Connecting & Outreach
The Creatus Project featured at The Canadian Association for Theatre Research 2025 Conference
Theatre Agora (Regina, CAN)
This spring, Dr. Julia Henderson was invited to speak on “Active Access Design for Senior Artists” in theatre and our work with The Creatus Project.
CATR 2025
On Interiority: Staging the Liminal.
More information: www.theatreagora.ca/catr-conference-2025
May 26th – 27th 2025
Theatre Agora (Regina, CAN)
The theme of this year’s conference invites us to think about interiority in all its facets, from the personal to the geopolitical and everything in between. We’re not the first to live in challenging times.

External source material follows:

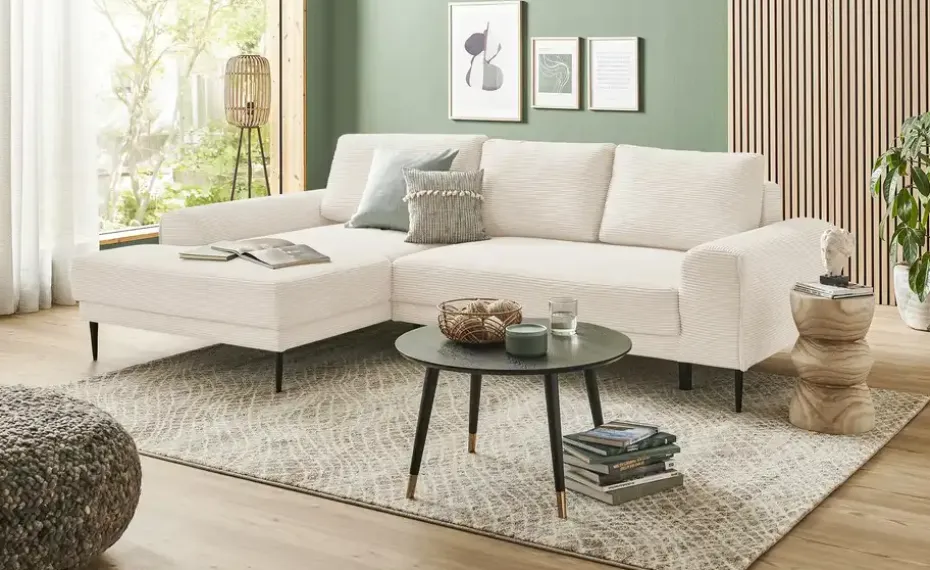 switch Ecksofa aus Cord Capitol | Weiß, links | Höffner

In an age of hostility, which targets the most vulnerable among us, we have to reckon with the limitations of just empathy.
The conference provokes us to think about the thresholds that shape our experiences and inform our identities, whether political designations of domestic and foreign, relationships of the self to others, or deeply personal negotiations between psychic and emotional interiority and the ways we exteriorize these inner lives on the materiality of our bodies.


Ageing in the Performing Arts Test Kitchen: A Performance
Analysis of Anti-Ageist Active Access Designs
Presented by Dr. Julia Henderson (The Creatus Project & UBC)
The number and quality of opportunities for theatre professionals (performers, directors, stage managers, designers etc.) diminishes as they age, limiting their opportunities for creative expression, their ability to sustain an active and meaningful career, and their opportunities for income and associated benefits such as extended health care coverage. Professionals with disabilities can likewise encounter barriers to access and participation. The intersection of ageism and ableism is still an emerging area of study.
The Creatus Project developed the community-engaged, Canada Council-funded intergenerational Creatus Project to explore these issues, holding that creative approaches have the potential to challenge existing ageist and ableist structures and practices, and open up opportunities for old(er) professionals and performers living with disabilities, and to create intergenerational connections which have the potential to shift the industry over time. This paper represents a performance analysis of a public sharing event devised by the Creatus Project’s Playwriting and Creation working group. “Ageing in the Performing Arts Test Kitchen” was presented at Vancouver’s Performing Arts Lodge.
Using observations of the production, audience feedback, and participant brief reflections, we analyse how the performance employed creative accessibility strategies (including virtual participation), and shared content about ageism, ableism, and potential creative solutions related to design, directing, rehearsing and production, playwriting and devising, and institutional structures within the industry (e.g. unions, grant structures).
We argue that the performance highlighted key issues related to the little-studied intersections of ageism and ableism in theatre, furthered practices of accessibility and inclusion, and foregrounded the importance of intergenerational approaches.